To its credit, the state has moved forward on parts of that commitment. Money has been spent, which is why the state’s word to help Porter Hospital was convincing. Here was a hospital trying to follow what the governor advocated; the appropriate department (DHVA), which has helped other hospitals in their efforts to fight opiate addiction, agreed to help finance the start-up part of the costs of a program that officials now estimate will cost about $700,000 annually (through direct and indirect expenses). Even the low-ball pledge of $127,000 from the health care department would be a welcome pledge.
But no dice. Out of a billion-dollar budget, not a penny could be spared directly to the fight against opiate addiction in Addison County.
That’s not quite fair, of course. While the state did turn its back on its pledge with Porter Hospital to help build the proposed stand-alone Suboxone-treatment facility, the state will finance the case manager and substance abuse coordinator through the Counseling Service of Addison County to help handle the growing case load that Dr. Emily Glick and the Porter-owned practice at Bristol Internal Medicine anticipate when they expand the existing program. They are, by the way, going to expand programs in Addison County to fight opiate addiction (see story here), but the current caseload of about 25 patients to between 80 and 90. Hopefully, more as the need can be met.
In fact, the good news is that more local physican practices have stepped up to fill the void since the state’s action scuttled the planned clinic that would have been operated by a rotating staff of hospital doctors. Integrating opiate treatment into existing practices had been the original plan more than a year ago, but tight case-loads and a wariness to take on the patients at each practice prompted area physicians to prefer the stand-alone model.
Intergrating the treatment into existing practices also works better for the state, which will, state officials said, reimburse Medicaid patients for Suboxone just as the state does for other Medicaid treatment—at a fraction on the dollar, but still far better than nothing.
The silver lining on the whole affair is that more members of Porter’s medical staff are dedicated to helping address the problem, said Porter Vice President Ron Hallman, and doing so in a manner that is more cost-effective for the hospital.

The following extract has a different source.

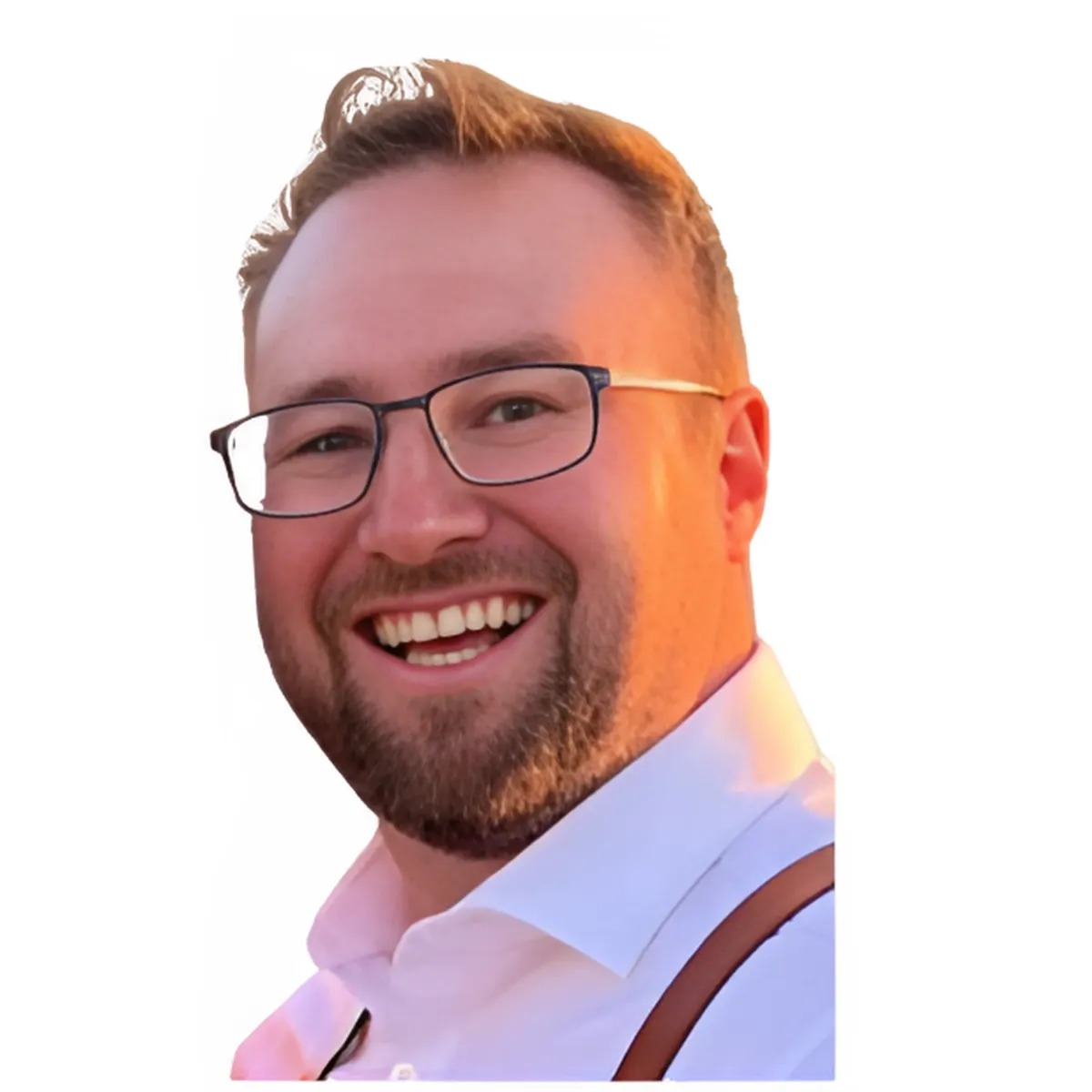 Portrait of Nick Brunelle, FOUNDING PARTNER at Verity Business Brokers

But words do matter. When dealing with health care reform, the issues are sensitive and the stakes are high. Addison County residents have a right to expect adequate care for all members of the greater community, and to expect it from health care professionals they can easily access, who understand their local situation and who will deliver reliable service.
When the state reneges on a handshake with an established and well respected community hospital, another figment of trust is broken with the state, and that could become expensive in the future fight for reform.